The country’s solid GDP growth of some 7 per cent in 2011 has far outpaced the faltering expansions in the USA and the EU. Second only to China as the emerging market destination of choice for the global PE, India has seen PE investments grow substantially last year. Moreover, the high GDP growth has proven to be a magnet for attracting capital for the Indian private equity. However, growth is not a given and investors should not get complacent about it, warns Dr Arvind Vermani, executive director (India), International Monetary Fund. In an exclusive video interaction, Vermani has pointed how India Inc got swayed away with 8-9 per cent growth numbers, thinking it’s a given and that any number (even 12 per cent) is achievable. “This is the wrong way to go,” he asserts. Vermani is of the view that the country’s growth potential is still 8-9 per cent and it could be achieved by “addressing the bottlenecks and not by ignoring those.”

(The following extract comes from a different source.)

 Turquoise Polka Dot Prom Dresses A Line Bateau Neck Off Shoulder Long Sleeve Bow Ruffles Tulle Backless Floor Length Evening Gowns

Some of these bottlenecks are a result of high growth itself. “When you grow very fast, you don’t pay enough attention to solve the problems. We were able to generate a higher level of investment. But fast-paced growth is creating new problems and unless we solve those, growth will again slow down,” says Vermani who specialises in the study of high growth economies. This is only true as high GDP growth has not really translated into high returns for investors as much as they have anticipated and there are also a host of structural issues – delays in implementation, enforceability of contracts, inefficient policy and lack of privatisation, which are the “low hanging fruits” and marring the growth.
China’s outperformance is another reason for Indian private equity woes. However, Vermani has cautioned the investors who compare India with China – for the right or the wrong reasons. “The fact that China is doing so well and people are making so much money is partly because it is three times the scale,” he explains. And he goes on to warn investors to take note of the difference between the average and the absolute. The Indian growth model is much more sustainable than the current Chinese model. “I have made a prediction that India’s rate of growth will be higher than that of China in the middle of this decade and I stand by it,” he concludes.